Gerechtshof Leeuwarden
Sector strafrecht
Parketnummer: 24-000713-11
Uitspraak d.d.: 22 september 2011
TEGENSPRAAK
Arrest van de meervoudige kamer voor strafzaken
gewezen op het hoger beroep, ingesteld tegen het vonnis van de politierechter in de rechtbank Zwolle-Lelystad van 4 april 2011 in de strafzaak tegen
[verdachte],
geboren te [geboorteplaats] op [1988],
wonende te [woonplaats], [adres].
Het hoger beroep
De verdachte heeft tegen het hiervoor genoemde vonnis hoger beroep ingesteld.
Onderzoek van de zaak
Dit arrest is gewezen naar aanleiding van het onderzoek op de terechtzitting van het hof van 8 september 2011 en, overeenkomstig het bepaalde bij artikel 422 van het Wetboek van Strafvordering, het onderzoek op de terechtzitting in eerste aanleg.
Het hof heeft kennisgenomen van de vordering van de advocaat-generaal, strekkende tot veroordeling van verdachte ter zake van het ten laste gelegde tot een werkstraf voor de duur van 30 uren, subsidiair 15 dagen vervangende hechtenis. Deze vordering is na voorlezing aan het hof overgelegd.
Het hof heeft voorts kennis genomen van hetgeen door verdachte en zijn raadsman,
mr. A. Taner, naar voren is gebracht.
Het vonnis waarvan beroep
Het hof zal het vonnis waarvan beroep vernietigen en opnieuw rechtdoen.
De tenlastelegging
Aan verdachte is ten laste gelegd dat:
hij op of omstreeks 2 oktober 2010 in de gemeente [gemeente] opzettelijk mishandelend een persoon (te weten [slachtoffer]), (met kracht) in het gezicht, in ieder geval op/tegen het hoofd, heeft gestompt/geslagen, waardoor deze letsel heeft bekomen en/of pijn heeft ondervonden.
Indien in de tenlastelegging taal- en/of schrijffouten voorkomen, zijn deze verbeterd.

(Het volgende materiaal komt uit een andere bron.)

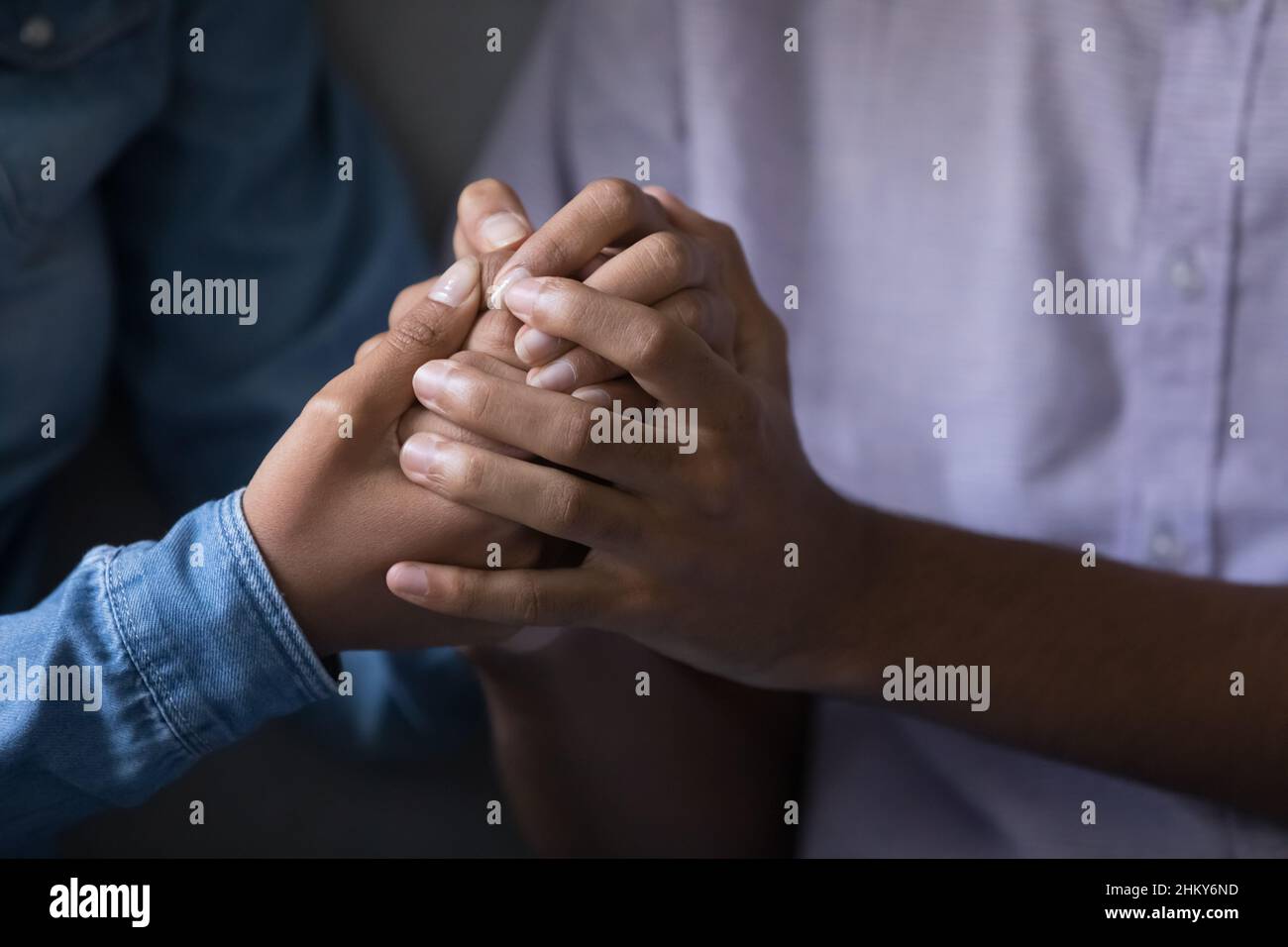 Young couple holding hands close hi-res stock photography and images ...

De verdachte is daardoor niet geschaad in de verdediging.
Vrijspraak
Het hof is van oordeel dat het dossier, naast de aangifte van [slachtoffer] - die zelf niet heeft gezien door wie hij werd geslagen - onvoldoende bewijsmiddelen bevat op basis waarvan kan worden vastgesteld dat verdachte deze mishandeling heeft gepleegd. De getuigenverklaring van [getuige] is daartoe onvoldoende specifiek omtrent het signalement van de dader.
Derhalve kan niet wettig en overtuigend worden bewezen dat verdachte het ten laste gelegde heeft begaan en zal hij daarvan worden vrijgesproken.
BESLISSING
Het hof:
Vernietigt het vonnis waarvan beroep en doet opnieuw recht:
Verklaart niet bewezen dat de verdachte het ten laste gelegde heeft begaan en spreekt verdachte daarvan vrij.
Aldus gewezen door
mr. T.H. Bosma, voorzitter,
mr. G.M. Meijer-Campfens en mr. H. Heins, raadsheren,
in tegenwoordigheid van mr. H. Akkerman, griffier,
en op 22 september 2011 ter openbare terechtzitting uitgesproken.